Day of the Dead celebrations at the cemetery of San Antonio Tecomitl, in the Milpa Alpa borough of Mexico City, Mexico.

Elizabeth Mooney, Copy Editor

The Day of the Dead, or Dia de Los Muertos, is a Mexican holiday celebrated on Nov. 1 and 2 of every year. The holiday is all about remembering and celebrating loved ones who have passed away. People participate in large parties, and parades are held with plenty of dancing and delicious, festive foods. Offerings are put on altars for the dead, such as photos of themselves and their favorite foods, and festive decorations are put up in honor of this celebration. 

   Skulls, or “calaveras,” are a very important part of celebrating the Day of the Dead. There are sugar skulls, skull decorations, and some people even paint their faces to look like skulls. The skulls represent a person’s loved ones. There is also La Catrina, portrayed as a tall female skeleton wearing a large hat with feathers. “She is a strong visual image depicting how the Mexican people see death and the afterlife,” states the ‘DayoftheDead.holiday’ website.  

Mexican Marigolds are also important to the Day of the Dead.

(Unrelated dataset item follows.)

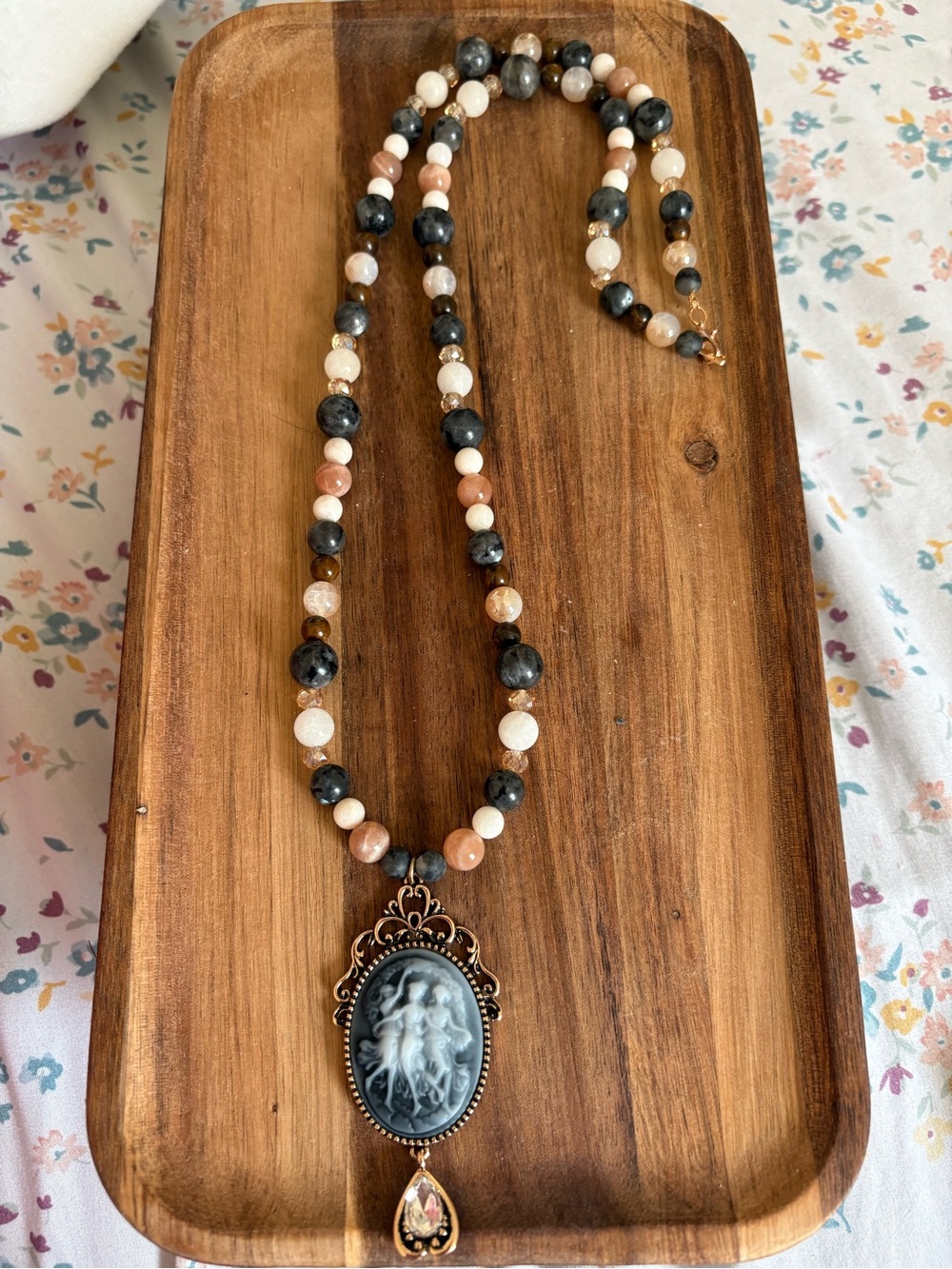 Vintage-Inspired Cameo Pendant Necklace w/ Natural Stone Beads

They are believed to be pathways for the dead, to lead them to their loved one’s homes and their altersaltars where their offerings are put. They are also used in garlands and other decorative objects. These flowers symbolize beauty, and how fragile life can be. 

The Day of the Dead is a day to remember loved ones and the time when they were alive. Many people celebrate Dia de Los Muertos all around the world. While there are different holidays celebrating those that have passed on, the Day of the Dead is different and special in its own way!